A psychopharmaceutical describes a drug that has an impact on the mental state of the user. These medications are often used preventively to modify the behavioural response to stress in ungulate prey species, for example, to facilitate transportation and/or introduction into a new area, group or herd. Zuclopenthixol is a long-acting neuroleptic (LAN) or antipsychotic agent that has been used to facilitate wildlife translocation in conservation projects. In human medicine, this drug is used to treat psychiatric disorders including schizophrenia and psychosis. It is a long-acting dopamine D1 and D2 receptor antagonist, with a duration of action of 3–4 days (acetate ester) up to 2–3 weeks (decanoate) in wild ungulates, depending on the pharmaceutical formulation (Swan, 1993; Read, 2002).

Our understanding of equine behaviour and in particular learning theory, has deepened over the past few years. We now recognise that most problematic behaviours can quickly be resolved with appropriate training (McLean & Christensen, 2017; Pearson, 2019) and this knowledge should markedly reduce the need for psychopharmaceutical use during the routine management of horses. Yet, as this knowledge is still not embedded into mainstream equestrianism, and considering we know most people overestimate their understanding of horse behaviour (Warren-Smith & McGreevy, 2008; Wentworth-Stanley, 2013; Pearson et al., 2020), psychopharmaceuticals remain an attractive option to many. Moreover, some problematic behaviours coincide with marked levels of emotions such as fear, which impairs a horse's ability to learn. By directly reducing fear, judicious psychopharmaceutical use may optimise retraining, improve welfare and maximise safety.

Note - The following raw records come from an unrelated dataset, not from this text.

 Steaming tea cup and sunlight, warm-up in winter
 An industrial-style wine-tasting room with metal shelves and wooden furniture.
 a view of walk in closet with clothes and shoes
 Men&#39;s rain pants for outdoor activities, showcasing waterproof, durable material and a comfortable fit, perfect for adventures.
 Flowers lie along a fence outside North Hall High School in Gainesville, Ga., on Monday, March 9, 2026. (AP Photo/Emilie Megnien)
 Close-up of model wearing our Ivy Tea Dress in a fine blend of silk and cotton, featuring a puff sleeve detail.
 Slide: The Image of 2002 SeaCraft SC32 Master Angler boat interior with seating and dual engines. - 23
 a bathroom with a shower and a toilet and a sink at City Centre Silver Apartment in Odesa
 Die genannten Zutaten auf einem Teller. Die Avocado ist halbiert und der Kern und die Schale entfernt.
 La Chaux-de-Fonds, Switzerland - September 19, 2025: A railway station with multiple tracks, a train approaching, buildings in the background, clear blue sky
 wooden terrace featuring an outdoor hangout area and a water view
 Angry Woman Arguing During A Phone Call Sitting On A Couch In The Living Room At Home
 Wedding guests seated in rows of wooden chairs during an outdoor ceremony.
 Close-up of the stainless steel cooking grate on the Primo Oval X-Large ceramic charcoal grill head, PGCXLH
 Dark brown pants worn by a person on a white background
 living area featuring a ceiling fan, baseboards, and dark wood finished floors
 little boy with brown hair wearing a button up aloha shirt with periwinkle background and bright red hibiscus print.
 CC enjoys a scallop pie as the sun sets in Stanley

When it comes to pharmacological behavioural modification in horses, there is an intricate ethical balance between safely promoting equine welfare during stressful events versus the inherent risks of abuse. Antipsychotics like zuclopenthixol are also classified as neuroleptics or major tranquilisers, as they superficially appear to reduce agitation and have a resultant calming effect. This is why this class of drug has a high potential for abuse in equine sports. They have been denoted ‘banned substances’ by the Fédération Equestrian Internationale (FEI) as they are considered to have no legitimate use in equine medicine (FEI equine prohibited substance list, https://inside.fei.org/fei/cleansport/ad-h/prohibited-list), and they are likewise prohibited in horseracing (International Federation of Horseracing Authorities, International Agreement on Breeding, Racing and Wagering, 2018). A true anxiolytic reduces fear while allowing the animal to otherwise function normally, however, antipsychotics reduce motor activity and blunt all emotional responsiveness (Cromwell-Davies & Landsberg, 2018). As a consequence, they are contra-indicated as a stand-alone treatment in companion animal behavioural medicine where fear or anxiety is suspected (Cromwell-Davies & Landsberg, 2018; Pereira et al., 2024).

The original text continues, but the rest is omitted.